Students Al-Shaykh al-Tusi, al-Sharif al-Radi, al-Sharif al-Murtada, al-Najashi, Sallar al-Daylai, ...
Works Al-Irshad, al-Muqni'a, Awa'il al-maqalat, ...
Scholarly
Activities
Foundation of a new approach in fiqh, defending Shi'a beliefs in debates with the scholars of other sects,
Socio-Political Activities
Socio-Political
Activities
Head of Shi'a

Abu ʿAbd Allāh, Muḥammad b. Muḥammad b. al-Nuʿmān al-ʿUkbarī al-Baghdādī (Arabic: محمد بن محمد بن نُعمان العُکبَري البغدادي) (b. 336/948 or 338/950 - d. 413/1022) known as al-Shaykh al-Mufid (Arabic: الشيخ المفيد) was among the greatest Twelver Shi'a scholars of the second half of 4th/10th century and early 5th/11th century. He was among great revivers of Islamic sciences and among the hardworking preachers of Shi'a culture and Imamiyya fiqh.

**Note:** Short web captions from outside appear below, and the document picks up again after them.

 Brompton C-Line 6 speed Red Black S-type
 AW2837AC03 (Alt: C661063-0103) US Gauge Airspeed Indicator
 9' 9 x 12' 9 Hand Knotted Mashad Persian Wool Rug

Before al-Shaykh al-Mufid, following the appearance of hadiths was very common and using intellect and rational approach for drawing out religious rulings was not very popular and this had made an obstacle on the way of development of sciences and the progress of scholars. Al-Shaykh al-Mufid stood against the dominant stagnation and by compiling the principles of fiqh, founded a new fiqh in practice. This approach in ijtihad was a middle way between hadith approach of al-Shaykh al-Saduq and the comparative approach of Ibn al-Junayd in fiqh. At the beginning, al-Shaykh compiled some principles in al-Tadhkira bi-usul al-fiqh for drawing out the rulings, and al-Sayyid al-Murtada in his al-Dhari'a and al-Shaykh al-Tusi in 'Uddat al-usul followed al-Shaykh al-Mufid's initiative. However, al-Shaykh himself received the inspiration for this approach from Ibn Abi 'Aqil al-'Ummani.

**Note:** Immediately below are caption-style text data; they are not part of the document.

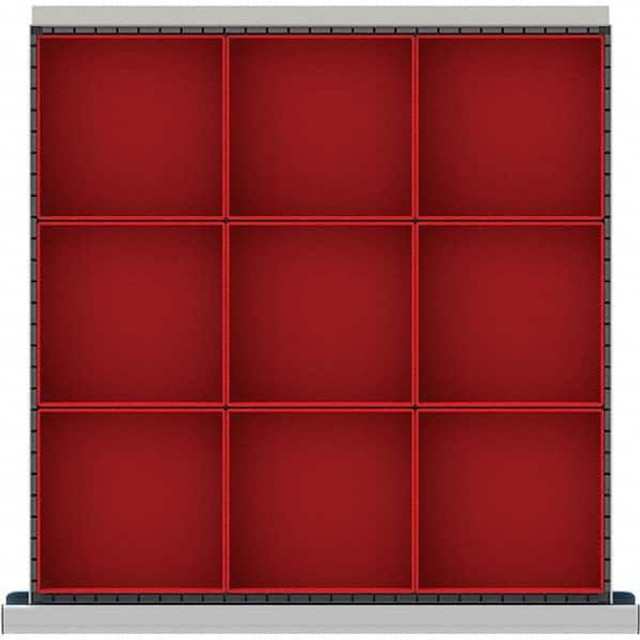 LISTA CLDR009-100 9-Compartment Drawer Divider Layout for 3.15" High Drawers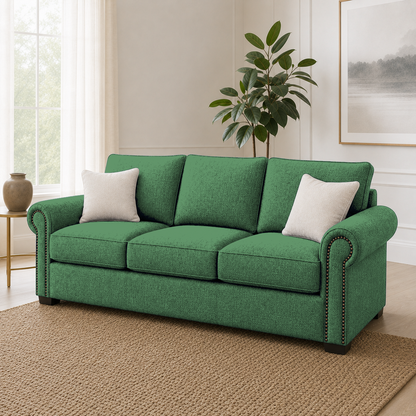 Wild 3+2+1 Sofa Set, 3 seater, green, detail view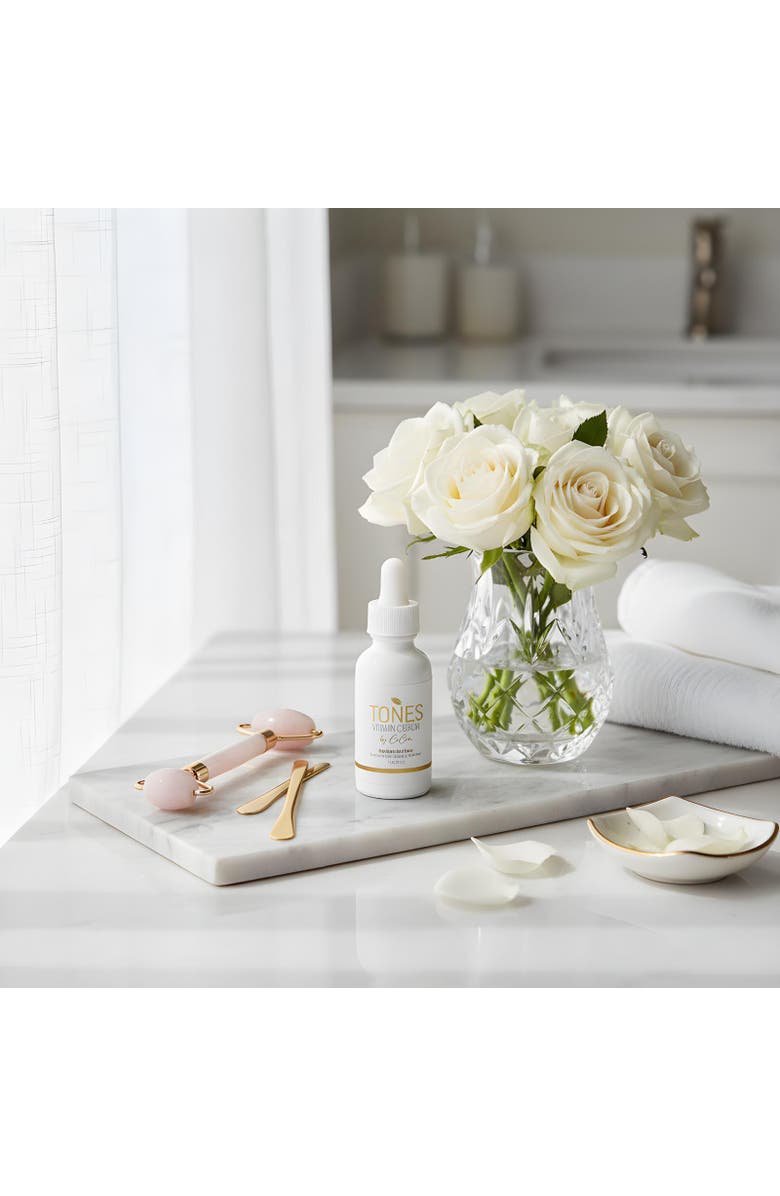 TONES by Cocoa Vitamin C Serum with Probiotics - Anti-Acne & Dark Spot Corrector 29.5ml, Alternate, color, With Golden Words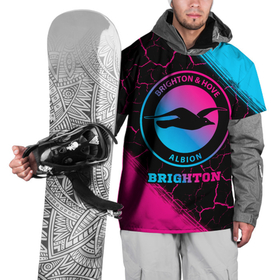 Накидка на куртку 3D с принтом Brighton Neon Gradient в Екатеринбурге, 100% полиэстер |  | brighton | club | football | logo | брайтон | градиент | клуб | краска | лого | мяч | неон | символ | спорт | футбол | футболист | футболисты | футбольный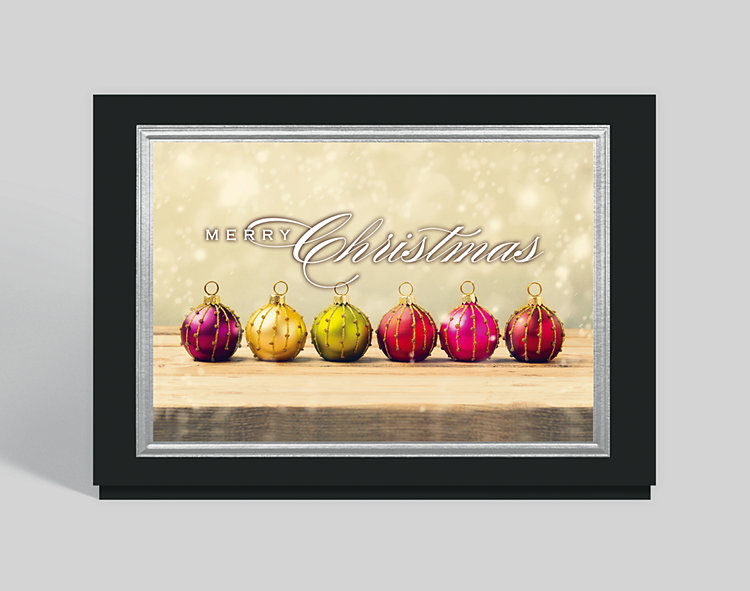 Christmas Baubles Holiday Card 300807 The Gallery Collection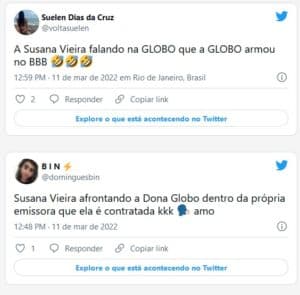 Susana Vieira defendeu Jade e alfinetou Arthur do BBB22 (Foto: Reprodução / Twitter)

For his al-I'lam fi ma Ittafaqat al-Imamiyya 'alayh min al-ahkam, al-Shaykh has been regarded as the founder of comparative fiqh, whose work was complemented and promoted by al-Sayyid al-Murtada's al-Dhari'a, al-Shaykh Tusi's al-Khilaf and al-'Allama al-Hilli's Tadhkirat al-fuqaha.

Birth and Childhood

Muhammad b. Muhammad b. Nu'man b. 'Abd al-Salam b. Jabir b. Nu'man was born on Dhu l-Qa'da 11, 336/948 or 338/950 in 'Ukbara, a small town to the north of Baghdad, from where he migrated to Baghdad with his family at an early age. Muhammad's father was a teacher, and thus he became also known as Ibn al-Mu'allim ("Son of Teacher").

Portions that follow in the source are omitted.